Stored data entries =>
# # # #

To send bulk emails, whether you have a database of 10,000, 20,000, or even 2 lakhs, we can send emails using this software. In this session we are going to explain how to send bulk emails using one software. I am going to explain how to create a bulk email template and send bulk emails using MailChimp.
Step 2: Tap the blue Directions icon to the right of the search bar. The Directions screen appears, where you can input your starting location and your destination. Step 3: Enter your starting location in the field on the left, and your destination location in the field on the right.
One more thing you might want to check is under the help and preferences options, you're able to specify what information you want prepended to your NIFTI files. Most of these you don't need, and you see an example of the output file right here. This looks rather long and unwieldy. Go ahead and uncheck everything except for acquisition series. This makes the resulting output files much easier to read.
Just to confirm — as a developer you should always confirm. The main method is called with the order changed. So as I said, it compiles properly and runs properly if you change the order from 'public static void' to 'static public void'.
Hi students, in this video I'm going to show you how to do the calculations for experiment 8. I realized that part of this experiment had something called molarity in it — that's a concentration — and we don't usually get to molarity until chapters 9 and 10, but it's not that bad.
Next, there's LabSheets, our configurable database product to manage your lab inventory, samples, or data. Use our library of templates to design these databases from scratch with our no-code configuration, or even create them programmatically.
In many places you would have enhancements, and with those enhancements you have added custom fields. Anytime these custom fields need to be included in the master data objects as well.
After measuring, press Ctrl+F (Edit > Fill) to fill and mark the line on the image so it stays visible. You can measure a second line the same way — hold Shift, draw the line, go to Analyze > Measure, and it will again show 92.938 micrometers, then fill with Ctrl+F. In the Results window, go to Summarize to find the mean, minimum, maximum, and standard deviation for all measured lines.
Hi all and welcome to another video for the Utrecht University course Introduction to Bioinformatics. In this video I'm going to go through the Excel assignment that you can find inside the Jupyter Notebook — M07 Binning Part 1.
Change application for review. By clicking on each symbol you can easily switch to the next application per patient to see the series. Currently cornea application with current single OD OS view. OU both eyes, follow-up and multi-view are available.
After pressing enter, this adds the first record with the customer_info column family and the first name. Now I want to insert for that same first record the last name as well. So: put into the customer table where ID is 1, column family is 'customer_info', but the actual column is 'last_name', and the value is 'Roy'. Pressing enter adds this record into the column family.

# # # #

Your task =>
Wherever the word "need" appears in the entries above, copy that whole line.

Response for this exercise =>
One more thing you might want to check is under the help and preferences options, you're able to specify what information you want prepended to your NIFTI files. Most of these you don't need, and you see an example of the output file right here. This looks rather long and unwieldy. Go ahead and uncheck everything except for acquisition series. This makes the resulting output files much easier to read.
In many places you would have enhancements, and with those enhancements you have added custom fields. Anytime these custom fields need to be included in the master data objects as well.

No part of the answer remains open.